**HOW TO COMPLETE THIS TASK:** The full listing must be reproduced exactly as given.

══ SUPPLIED INFORMATION

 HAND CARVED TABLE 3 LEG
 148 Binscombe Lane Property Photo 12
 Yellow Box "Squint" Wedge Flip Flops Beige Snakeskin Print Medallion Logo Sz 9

════

**RESPONSE BELOW:**
 HAND CARVED TABLE 3 LEG
 148 Binscombe Lane Property Photo 12
 Yellow Box "Squint" Wedge Flip Flops Beige Snakeskin Print Medallion Logo Sz 9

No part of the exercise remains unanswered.